School of Biological Sciences, Seoul National University, Seoul 151-742, Republic of Korea.
Interdisciplinary Program in Bioinformatics and Bioinformatics Institute, Seoul National University, Seoul 151-742, Republic of Korea.
Int J Syst Evol Microbiol. 2014 Feb;64(Pt 2):346-351. doi: 10.1099/ijs.0.059774-0.
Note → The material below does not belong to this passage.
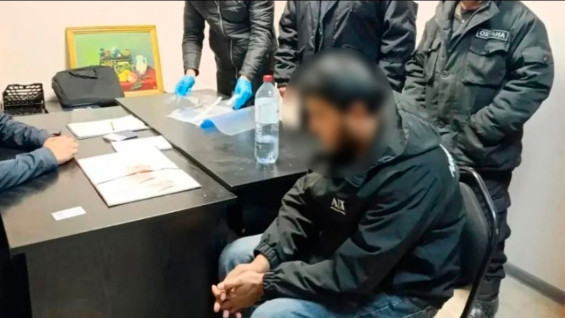 В Самаре иностранца обвиняют в попытке дать взятку сотруднику транспортной полиции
Among available genome relatedness indices, average nucleotide identity (ANI) is one of the most robust measurements of genomic relatedness between strains, and has great potential in the taxonomy of bacteria and archaea as a substitute for the labour-intensive DNA-DNA hybridization (DDH) technique. An ANI threshold range (95-96%) for species demarcation had previously been suggested based on comparative investigation between DDH and ANI values, albeit with rather limited datasets. Furthermore, its generality was not tested on all lineages of prokaryotes. Here, we investigated the overall distribution of ANI values generated by pairwise comparison of 6787 genomes of prokaryotes belonging to 22 phyla to see whether the suggested range can be applied to all species. There was an apparent distinction in the overall ANI distribution between intra- and interspecies relationships at around 95-96% ANI. We went on to determine which level of 16S rRNA gene sequence similarity corresponds to the currently accepted ANI threshold for species demarcation using over one million comparisons. A twofold cross-validation statistical test revealed that 98.65% 16S rRNA gene sequence similarity can be used as the threshold for differentiating two species, which is consistent with previous suggestions (98.2-99.0%) derived from comparative studies between DDH and 16S rRNA gene sequence similarity. Our findings should be useful in accelerating the use of genomic sequence data in the taxonomy of bacteria and archaea.
在现有的基因组相关性指数中,平均核苷酸同一性 (ANI) 是衡量菌株间基因组相关性最可靠的指标之一,并且作为 DNA-DNA 杂交 (DDH) 技术的替代方法,在细菌和古菌的分类学中具有很大的潜力。以前曾根据 DDH 和 ANI 值的比较研究,提出了用于物种划分的 ANI 阈值范围(95-96%),尽管数据集相当有限。此外,它的通用性尚未在所有原核生物谱系上进行测试。在这里,我们通过比较 6787 个属于 22 个门的原核生物基因组的两两比较,研究了 ANI 值的总体分布,以确定所建议的范围是否适用于所有物种。在 ANI 值为 95-96%左右时,种内和种间关系的总体 ANI 分布有明显的区别。然后,我们使用超过 100 万次比较来确定 16S rRNA 基因序列相似性的哪个水平对应于目前接受的物种划分的 ANI 阈值。两倍交叉验证统计检验表明,98.65%的 16S rRNA 基因序列相似性可用于区分两个物种,这与以前从 DDH 和 16S rRNA 基因序列相似性的比较研究中得出的 98.2-99.0%的建议一致。我们的研究结果应该有助于加速在细菌和古菌分类学中使用基因组序列数据。